Cameroun: L’accès aux toilettes, une urgence sanitaire à Yaoundé

Toilettes publiques

Dans la ville de Yaoundé, les populations vivent dans la promiscuité. La situation perdure depuis des années et les populations en ont marre et craignent un retour du choléra.

Malgré de nombreuses sensibilisations sur l’assainissement des toilettes, plusieurs familles à Yaoundé n’ont pas accès aux toilettes modernes. Selon les témoignages recueillis sur le terrain par la reporter du quotidien Le Messager, la situation est alarmante et préoccupante au quartier Etam-Bafia. « Il y a certains appartements ici qui n’ont qu’une seule toilette. Un appartement qui abrite une vingtaine de personnes », raconte Melissa. Dans ce quartier de la ville de Yaoundé, les populations vivent dans la promiscuité. La situation perdure depuis des années et les populations en ont marre et craignent un retour du choléra.

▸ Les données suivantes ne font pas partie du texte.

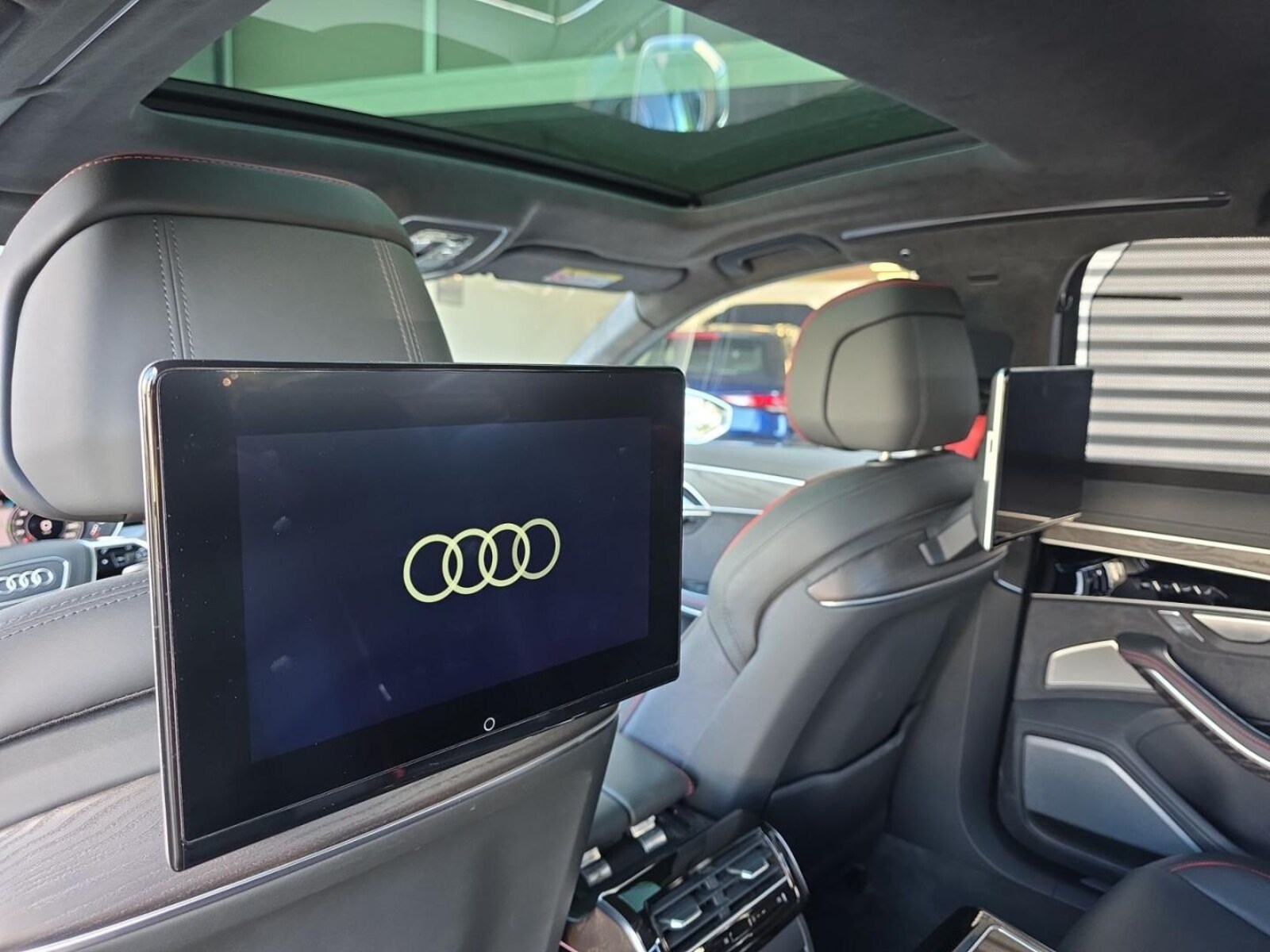 Audi S8 – Bild 12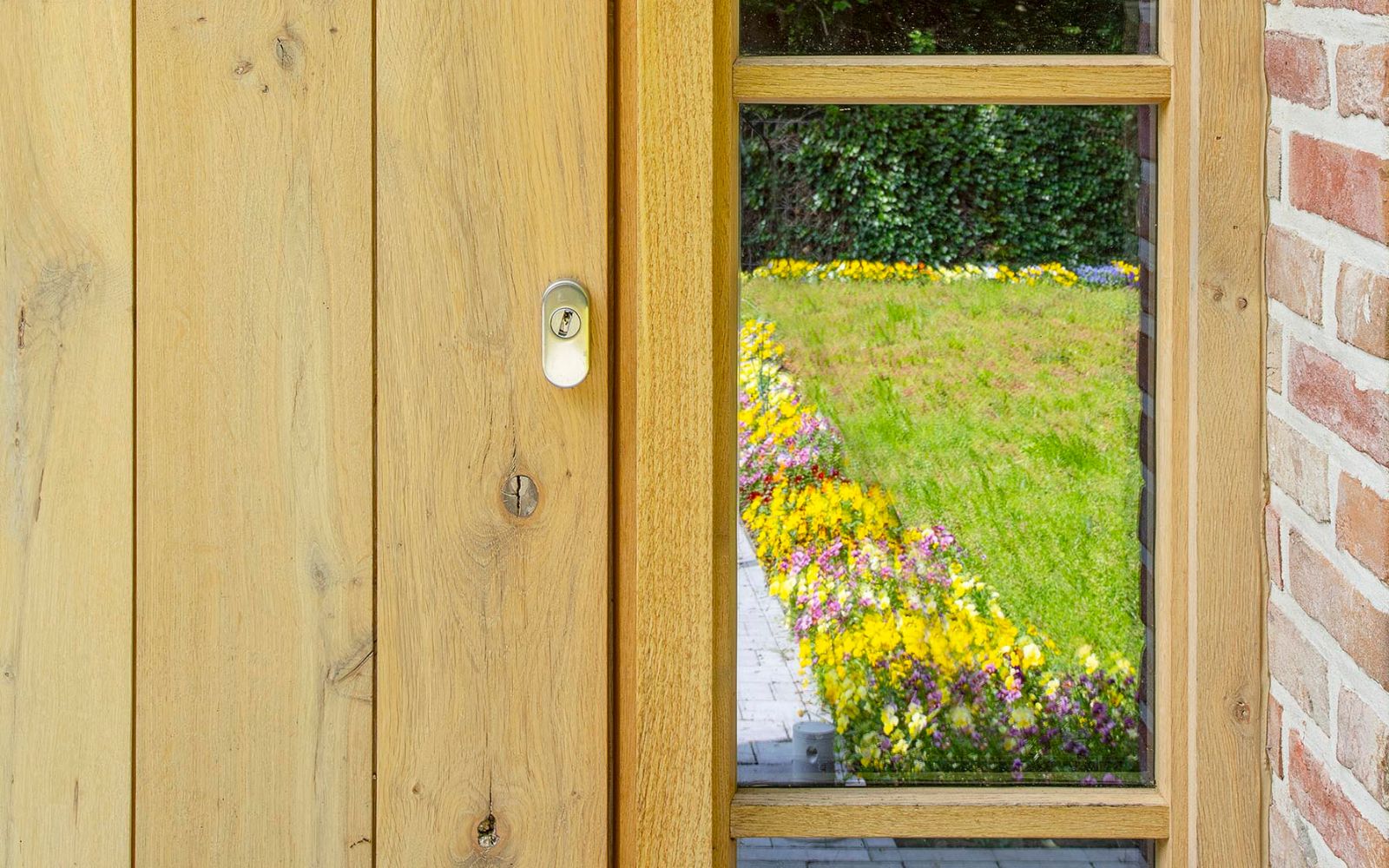 Finitions - Porte en bois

Dans ces quartiers défavorisés, trouver un endroit où faire ses besoins est une lutte de tous les jours. Beaucoup pratiquent la méthode des “toilettes volantes ” : les habitants utilisent des sacs plastiques qu’ils jettent ensuite sur les toits ou le plus loin possible de leurs habitations. Lorsque ceux-ci disposent de latrines, à l’image du petit Jordan, leur contenu, évacué dans un trou ou une fosse septique, est rarement vidé par un service régulier d’évacuation. Et lorsque celui-ci est en fonction, seule une petite partie des matières fécales est retraitée. Le reste débouche dans les rivières, où l’on puise bien souvent l’eau pour la consommation de la population et du bétail.

L’absence des toilettes décentes est une réalité dans de nombreux quartiers populaires de Yaoundé. Et, la situation semble contraindre les habitants à déféquer de plus en plus à l’air libre. A deux chevaux à Yaoundé, certaines personnes défèquent dans les plastiques, pour ceux qui n’ont pas de toilettes. Oriane est une locataire dans ce quartier. Cette dernière a été obligée de fabriquer une toilette avec la moustiquaire imprégnée. « C’est
très surprenant et bizarre de vivre dans une maison sans toilette. Quand je me plains auprès des gens que je loue une maison sans toilette, ils ont du mal à me croire. J’attends juste de finir mon contrat avant de partir. Pour déféquer le plus souvent je vais chez les voisins, ou alors dans les toilettes publiques où je paie 100f. Quand je suis en train de manger chez moi, des mouches qui viennent des toilettes se posent dans mon plat de nourriture et dans mon verre d’eau
», se désole Oriane. Vraiment la promiscuité ici à deux chevaux est grave. « Parfois certains riverains urinent et défèquent dans les bouteilles qu’ils balancent dans les bacs à ordures », raconte-t-elle. Les conséquences sur la santé sont désastreuses. Selon le Dr. Jules Mityene, chaque année, 314 000 enfants de moins de 5 ans meurent de maladies diarrhéiques liées à la consommation d’eau.

Un sujet longtemps tabou à l’Onu Offrir à ces populations des conditions de vie décentes, c’est tout l’enjeu des 17 Objectifs de développement durable
(Odd) qui ont été votés à l’unanimité par 195 États en septembre 2015 à l’Onu et qui prévoient notamment, dans leur Objectif 6, un accès universel à l’assainissement d’ici à 2030. Un objectif très ambitieux. Trop, sans doute, tant l’assainissement est un domaine ignoré depuis longtemps. “Les pourvoyeurs d’aide consacrent en général 10 fois plus de ressources à l’eau qu’aux installations sanitaires. Dans les programmes “eau et assainissement”, ils omettent souvent de dégager les budgets pour l’éducation à l’hygiène, la promotion des toilettes ou la construction de systèmes d’évacuation des eaux et des excréments ”, s’indignait ainsi Maggie Black, spécialiste britannique des problématiques liées à l’eau dans un article paru en 2010 dans Le Monde diplomatique.

“C’est une question taboue, surtout dans l’enceinte majestueuse des Nations unies où aucun représentant de pays n’a envie de raconter ses problèmes de toilettes et d’eaux usées. L’autre difficulté tient au fait que l’accès aux réseaux d’assainissement exige de passer par les pouvoirs publics, contrairement à d’autres services moins vitaux comme le téléphone portable. Ainsi, vous ne pouvez pas décider dans votre coin de raccorder votre maison au réseau d’assainissement existant. C’est d’autant plus difficile dans le cas des États souvent fragiles des pays en développement. Mais attention, ce n’est pas parce qu’un pays est pauvre qu’il est forcément déficient dans le domaine. Et vice versa. “Il s’agit vraiment d’une question de volonté politique, explique Gérard Payen.